I’ve never been rich, neither do I have a rich husband. My family has never taken me to any luxury resorts, in fact, we visited the same guesthouse by the Polish seaside every year. In this post, I tell you how I afford to travel so much.

How I Could Afford to Travel Before the Blog?

Some (probably most) people might assume that I get my funding from some sort of magic sponsors. As a result, they think they’ll never be able to do what I’ve been doing – travel the world. Leave alone study abroad. I must disappoint you, but traveling hasn’t always my job. At least not from the start.

While it’s possible to be paid to travel, it’s a totally different story than being paid to travel as a blogger when you actually need to do some work, instead of sipping cocktails on the beach all day long. Despite what you may read on some well-known travel blogs, who regularly go on press trips, not all of them are being paid for it.

As for me, I started blogging in 2010, but I only opened Anna Everywhere in 2014. It became my real full-time job in 2015. However, remember that I’ve been traveling on my own since I was 16…

My first solo trip - Egypt 2007
My first SOLO trip – Egypt 2007.

How Did I Travel Before I Started Blogging?

The most common assumption when you travel is that you MUST be rich. But if you buy good cosmetics or go to Starbucks on a daily basis, does anyone automatically assume that you’re rich? No. No one is also asking you who’s paying for all this, but traveling has some kind of financial stigma.

I simply always knew that I wanted to travel.

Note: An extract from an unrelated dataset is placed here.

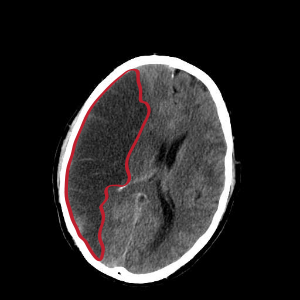  뇌경색 [Cerebral Infarction]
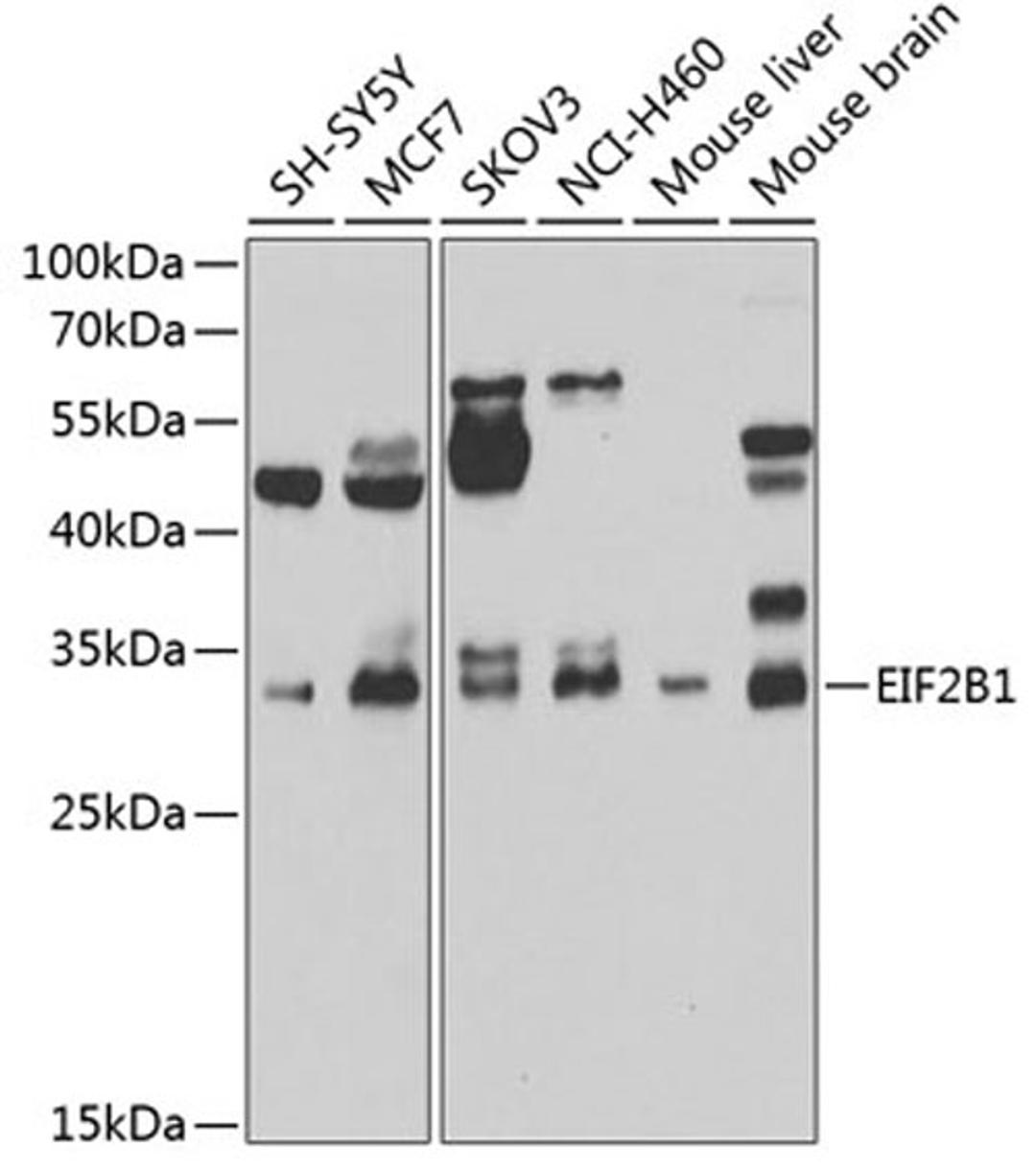 Western blot - EIF2B1 antibody (A7892)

Ever time I received some money for Christmas or birthday, I saved for later. While it wasn’t much, a dollar here a dollar there, and little by little it all cumulated.

One would think that it’s impossible for a teenager to save that much money. I’ve never been into beauty products (I did my first face mask at the age of 29 haha!) and wasn’t a fan of expensive clothes and I’m still not. Plus, I didn’t go out as much as my friends did.

Where I grew up, the legal age limit for work is 18. Hence, my working opportunities were limited to tutoring and anything that didn’t include being officially hired. I wrote essays for fellow classmates and I tutored younger kids. The moment I turned 18, I started working in hospitality after high school before heading to college.

In some countries (one of them I had a chance to study in), if you have good grades, you’re able to get a scholarship. Since the university is free I actually got paid to study! I was able to save more for my travels and I also found some jobs abroad. There are plenty of opportunities in this world as long as you aren’t picky.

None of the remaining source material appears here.